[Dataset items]
:::

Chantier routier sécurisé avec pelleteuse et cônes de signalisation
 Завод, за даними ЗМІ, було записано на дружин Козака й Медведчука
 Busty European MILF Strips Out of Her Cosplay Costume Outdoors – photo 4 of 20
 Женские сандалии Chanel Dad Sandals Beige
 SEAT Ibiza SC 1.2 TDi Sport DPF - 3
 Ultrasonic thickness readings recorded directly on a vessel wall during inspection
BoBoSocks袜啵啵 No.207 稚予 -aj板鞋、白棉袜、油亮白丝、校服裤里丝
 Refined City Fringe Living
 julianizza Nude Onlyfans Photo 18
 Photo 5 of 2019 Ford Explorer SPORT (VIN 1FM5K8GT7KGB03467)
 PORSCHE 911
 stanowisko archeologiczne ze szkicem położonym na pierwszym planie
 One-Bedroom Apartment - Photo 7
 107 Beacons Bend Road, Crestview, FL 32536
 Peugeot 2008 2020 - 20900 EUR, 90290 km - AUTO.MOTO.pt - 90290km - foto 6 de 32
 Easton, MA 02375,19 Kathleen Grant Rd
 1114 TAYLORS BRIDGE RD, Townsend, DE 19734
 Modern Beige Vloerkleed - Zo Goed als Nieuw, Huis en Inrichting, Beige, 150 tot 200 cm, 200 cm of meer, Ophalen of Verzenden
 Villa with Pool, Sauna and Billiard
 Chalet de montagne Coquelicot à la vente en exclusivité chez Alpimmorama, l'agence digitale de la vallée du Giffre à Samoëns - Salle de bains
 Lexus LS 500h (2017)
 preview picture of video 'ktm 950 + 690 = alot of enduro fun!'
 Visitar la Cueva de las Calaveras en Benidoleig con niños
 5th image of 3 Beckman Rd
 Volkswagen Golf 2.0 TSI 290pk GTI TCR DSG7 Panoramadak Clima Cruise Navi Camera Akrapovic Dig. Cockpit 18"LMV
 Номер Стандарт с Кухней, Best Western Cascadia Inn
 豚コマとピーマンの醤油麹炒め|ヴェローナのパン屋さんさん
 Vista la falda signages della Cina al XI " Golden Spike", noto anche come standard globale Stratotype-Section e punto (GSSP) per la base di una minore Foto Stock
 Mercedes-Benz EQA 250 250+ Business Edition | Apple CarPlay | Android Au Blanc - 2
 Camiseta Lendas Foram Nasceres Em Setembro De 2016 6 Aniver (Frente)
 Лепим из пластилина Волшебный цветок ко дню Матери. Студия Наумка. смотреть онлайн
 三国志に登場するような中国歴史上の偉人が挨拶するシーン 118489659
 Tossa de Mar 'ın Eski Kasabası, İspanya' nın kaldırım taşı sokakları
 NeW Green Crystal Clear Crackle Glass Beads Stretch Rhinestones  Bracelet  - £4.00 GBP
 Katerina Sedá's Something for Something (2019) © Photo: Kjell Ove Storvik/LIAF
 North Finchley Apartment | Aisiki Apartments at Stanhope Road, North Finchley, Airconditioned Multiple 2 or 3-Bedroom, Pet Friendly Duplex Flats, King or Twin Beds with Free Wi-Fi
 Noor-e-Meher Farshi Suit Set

:::

[EXERCISE]
Starting at the first line of the records, print each line exactly, stopping after the line that contains "5th image of 3 Beckman Rd".

[RESPONSE AREA]
Chantier routier sécurisé avec pelleteuse et cônes de signalisation
 Завод, за даними ЗМІ, було записано на дружин Козака й Медведчука
 Busty European MILF Strips Out of Her Cosplay Costume Outdoors – photo 4 of 20
 Женские сандалии Chanel Dad Sandals Beige
 SEAT Ibiza SC 1.2 TDi Sport DPF - 3
 Ultrasonic thickness readings recorded directly on a vessel wall during inspection
BoBoSocks袜啵啵 No.207 稚予 -aj板鞋、白棉袜、油亮白丝、校服裤里丝
 Refined City Fringe Living
 julianizza Nude Onlyfans Photo 18
 Photo 5 of 2019 Ford Explorer SPORT (VIN 1FM5K8GT7KGB03467)
 PORSCHE 911
 stanowisko archeologiczne ze szkicem położonym na pierwszym planie
 One-Bedroom Apartment - Photo 7
 107 Beacons Bend Road, Crestview, FL 32536
 Peugeot 2008 2020 - 20900 EUR, 90290 km - AUTO.MOTO.pt - 90290km - foto 6 de 32
 Easton, MA 02375,19 Kathleen Grant Rd
 1114 TAYLORS BRIDGE RD, Townsend, DE 19734
 Modern Beige Vloerkleed - Zo Goed als Nieuw, Huis en Inrichting, Beige, 150 tot 200 cm, 200 cm of meer, Ophalen of Verzenden
 Villa with Pool, Sauna and Billiard
 Chalet de montagne Coquelicot à la vente en exclusivité chez Alpimmorama, l'agence digitale de la vallée du Giffre à Samoëns - Salle de bains
 Lexus LS 500h (2017)
 preview picture of video 'ktm 950 + 690 = alot of enduro fun!'
 Visitar la Cueva de las Calaveras en Benidoleig con niños
 5th image of 3 Beckman Rd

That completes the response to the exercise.